Wicca is een natuurreligie zoals ook de aboriginals en de indianen die aanhangen. Het is eveneens een ervaringsreligie, waarin je ingewijd moet zijn. Heilige geschriften, zoals een Bijbel of een koran, zijn in wicca afwezig. Autoriteiten zoals de paus komen er niet in voor. Heksen geloven in een vrouwelijke godin en in een mannelijke god als vertegenwoordigers van een rijk vol goden en geesten. Kabouters, kobolden, vuurgeesten en andere mysterieuze natuurwezens zijn in wicca werkelijkheid. De god en de godin hebben verschillende namen. De godin wordt vereerd en opgeroepen in de drie vormen maagd, moeder en oude, wijze vrouw. De twee voornaamste vormen van god zijn ”god van de jacht” en ”god van de vruchtbaarheid”.
Heksen geloven in wicca en beoefenen magie. Dat laatste is het verkrijgen en uitoefenen van paranormale kracht om het toeval te sturen. Ze brengen onderscheid aan in witte en zwarte magie, maar beoefenen doorgaans witte magie. Die is volgens hen bedoeld om te helpen, om goed te doen. Ze doen dit omdat zij geloven dat alles wat ze doen, drievoudig op hen terugkomt. Zwarte magie richt naar hun mening slechts kwaad aan.
Joyce de Jongh-Foekema was vijf jaar heks toen ze tijdens een kerkdienst „door God in de kraag werd gegrepen.” Ze zat daar om voor zichzelf te bewijzen dat God niet bestond. Afgelopen zaterdag sprak ze over hekserij tijdens een seminar dat werd belegd door de Euregio Christengemeente Aalten/Bocholt. Een veelvoorkomende fout is dat mensen hekserij verwarren met satanisme, hield ze de aanwezigen voor. „Maar heksen geloven niet in satan. Ze zijn van mening dat de geestelijke wereld neutraal is en dat een mens een keuze voor het kwade of het goede kan maken.” De stellige uitleg van De Jongh-Foekema is echter dat witte en zwarte magie beide voortkomen uit de satan en daarom gevaarlijk zijn. „Ook witte magie leidt tot gebondenheid en uiteindelijk tot de dood.”

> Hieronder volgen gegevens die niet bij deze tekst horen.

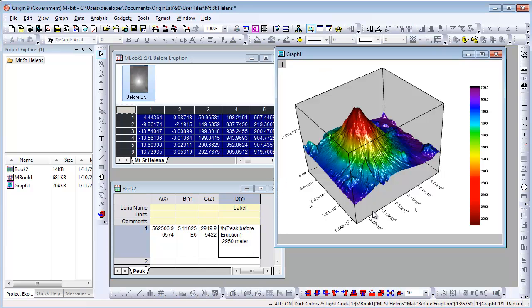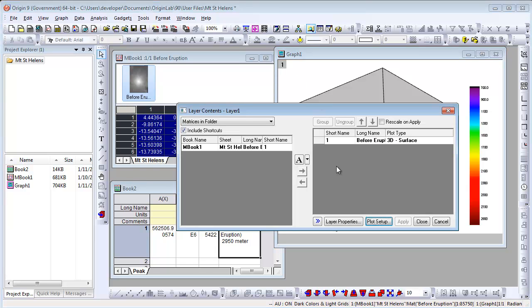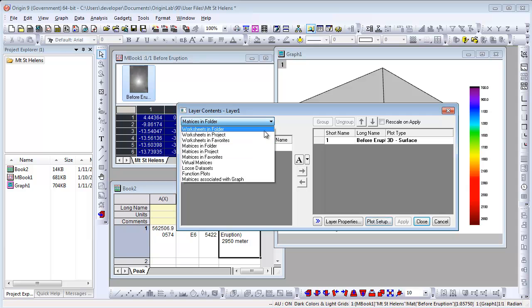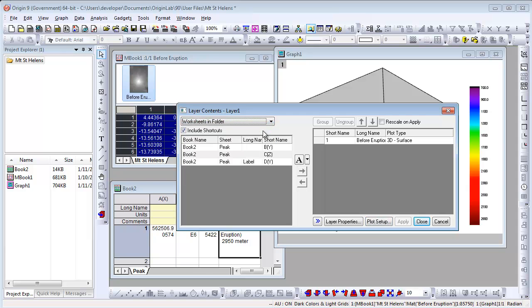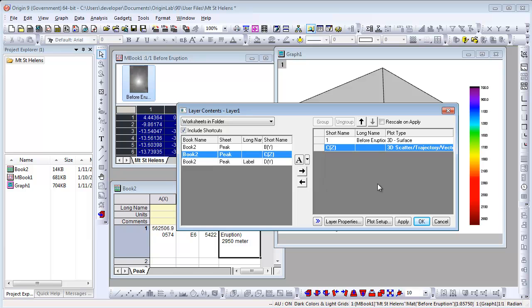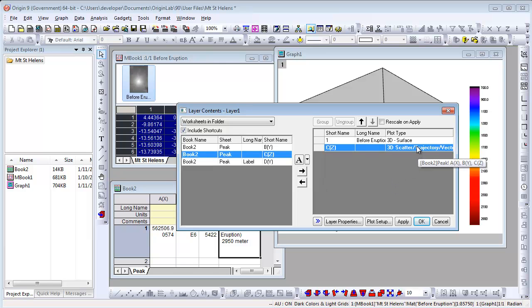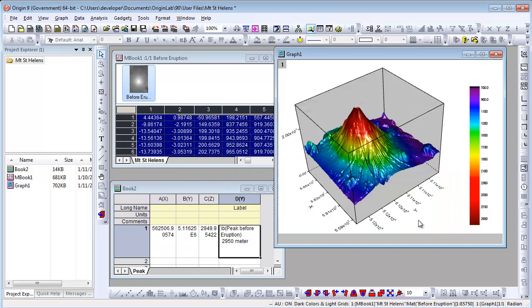To add data labels in this graph, we need to add a 3D scatter plot first. Let's double click the layer 1 icon to open the layer contents dialog. Choose worksheets in folder and move the Z data to the layer. The data is added as a 3D scatter plot. Click OK.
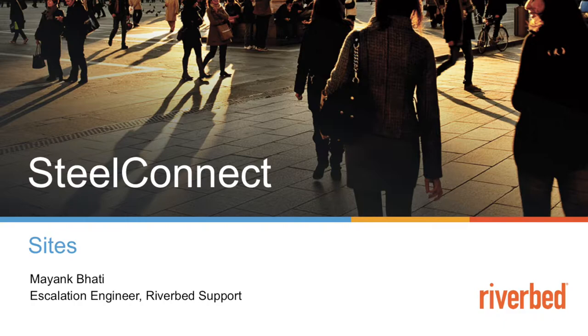Hi, thank you for tuning in to Riverbed support YouTube channel. My name is Mayang Bhati and in this video, we are going to talk about sites.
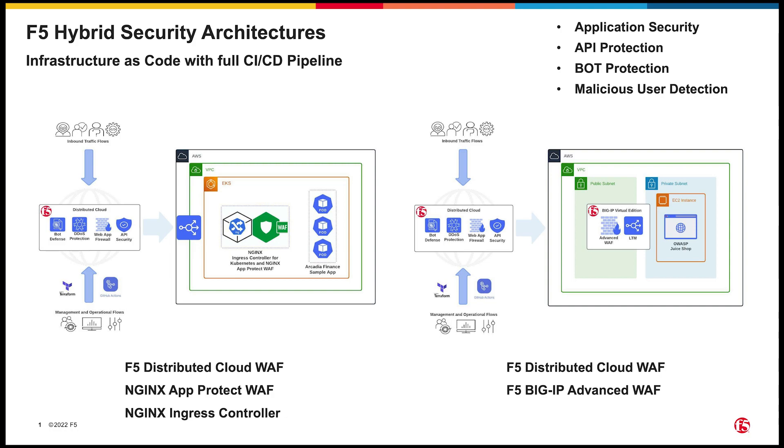Additionally, each app has specific requirements related to its use case, the infrastructure it's deployed on, and the language it's written in. We can provide this tailored protection closer to the app using the Nginx App Protect WAF.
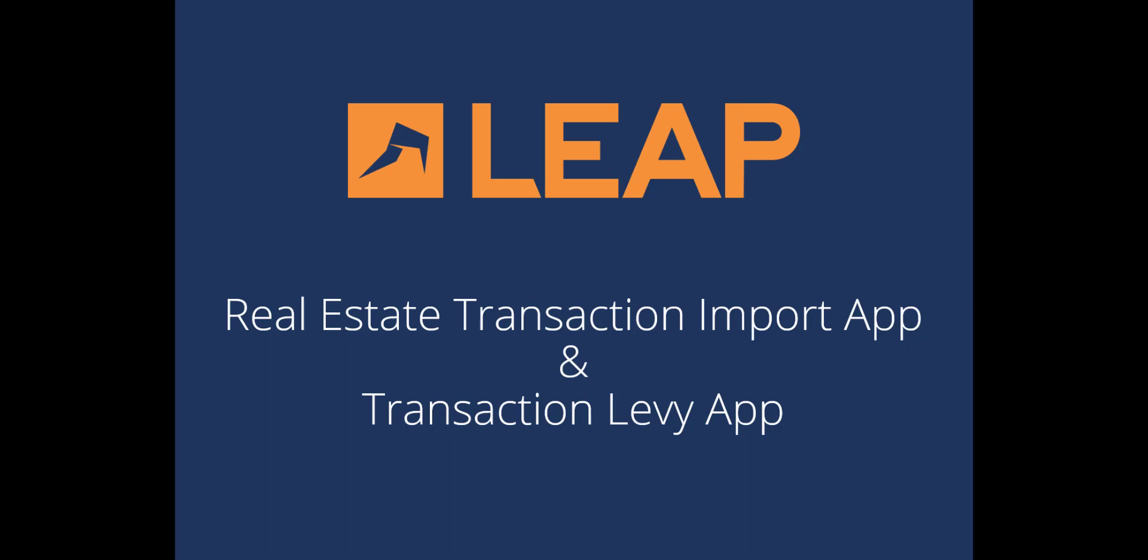Hello everyone. Today's webinar will cover using the Real Estate Transaction Import App and the Transaction Levy App. To everyone who has attended previous webinars, welcome back! And to those newcomers, thanks for joining us. My name is Janet Gavea and I am the Client Success Manager for Leap Canada. Our team develops these webinars based on best practices and feedback we receive from our Leap users, so everyone gets the most out of every feature in Leap.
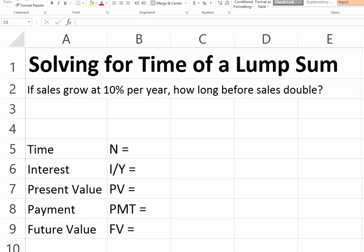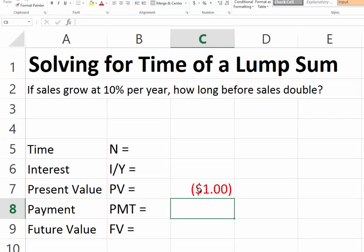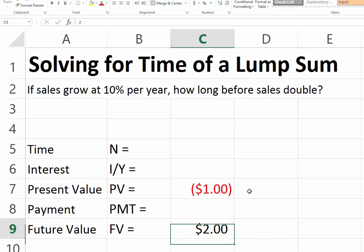This is a very interesting question. Suppose you have sales of X amount today and they continue to grow at 10% for several years, and you are asking yourself: how long before my sales double? Since we don't have a specific value, we can assume that today we are selling one dollar as our present value, and our goal is to reach two dollars — double the amount — as our future value.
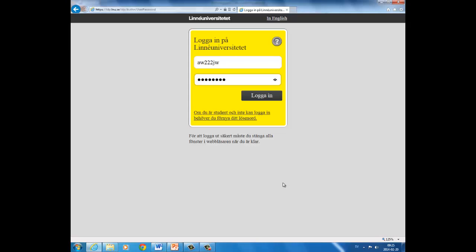Another problem might be that your account may have too low security level. In order to upgrade your security level, you have to show your ID to the IT department. You can either visit them or send them a copy of your ID by mail. If that doesn't work, please contact us at the library and we will help you.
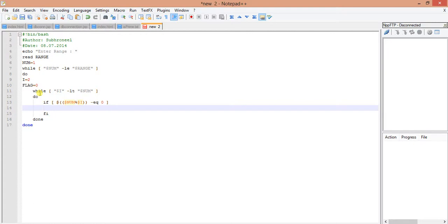If dollar num percent dollar i equals 0, if this happens, that means if num is divisible by i, then obviously it is not a prime number. So I'll put flag equal to 1.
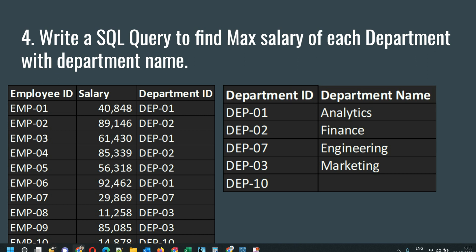The first table will have the employee details and the second table will have the department details. The first table has employee ID, salary, and department ID, while the second table has department ID and department name. The question is to write a SQL query to find the max salary of each department with the department name — for example, department 01 is Analytics, and for Analytics you have to get the maximum salary.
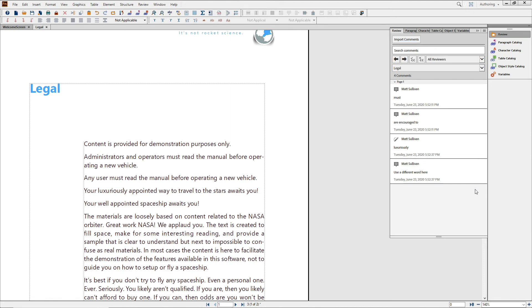Your users will love this new process. It doesn't require specific software, they can work on whatever platform they like, and the process itself is easy and intuitive, even on mobile. Adobe Document Cloud is designed with your privacy in mind — your data is protected with 256-bit encryption and secure TLS-encrypted connections.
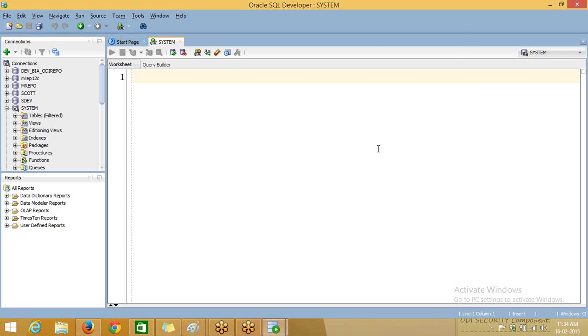Hi friend, you are watching a Skale basic video tutorial. This is Ravi here. Here I am going to explain about the DCL commands.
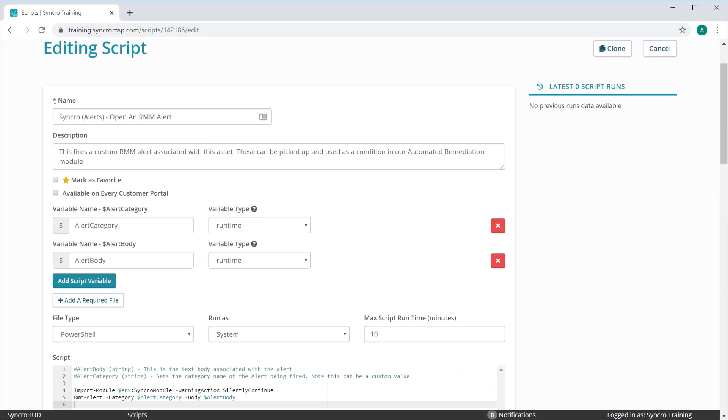Note that when you want to include these commands in your own scripts, you'll most likely be pulling these values from within the script itself, meaning you'll no longer need to include them as script variables.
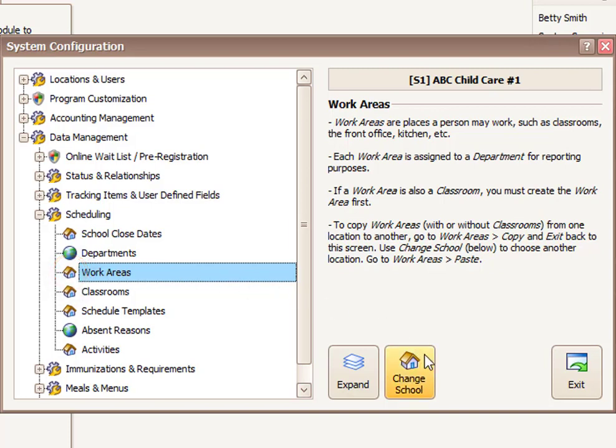And if you need to change that information or set it for an additional school, you can use the Change School button here on the right.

Verschillende attributen zijn in de hekserij gangbaar. Zoals de pendel - tegenwoordig gratis verkrijgbaar als gimmick (hebbeding) bij een tijdschrift. Geesten beantwoorden vragen van de pendelaar door de pendel naar links of rechts te laten zwaaien. Met tarotkaarten voorspellen heksen de toekomst. Verder gebruiken ze kruiden en maken ze amuletten.
Wicca’s kennen geen strakke regels. Ze kennen slechts één wet: liefde, zoals verwoord in de lijfspreuk ”Doe wat je wilt, mits je niemand schaadt”. Dat betekent in de praktijk dat een heks drugs mag gebruiken, mits hij er niet aan verslaafd raakt. De drugs schaden dan immers het lichaam. Als een heks een woning wil, mag hij de huidige eigenaar geen hartaanval bezorgen.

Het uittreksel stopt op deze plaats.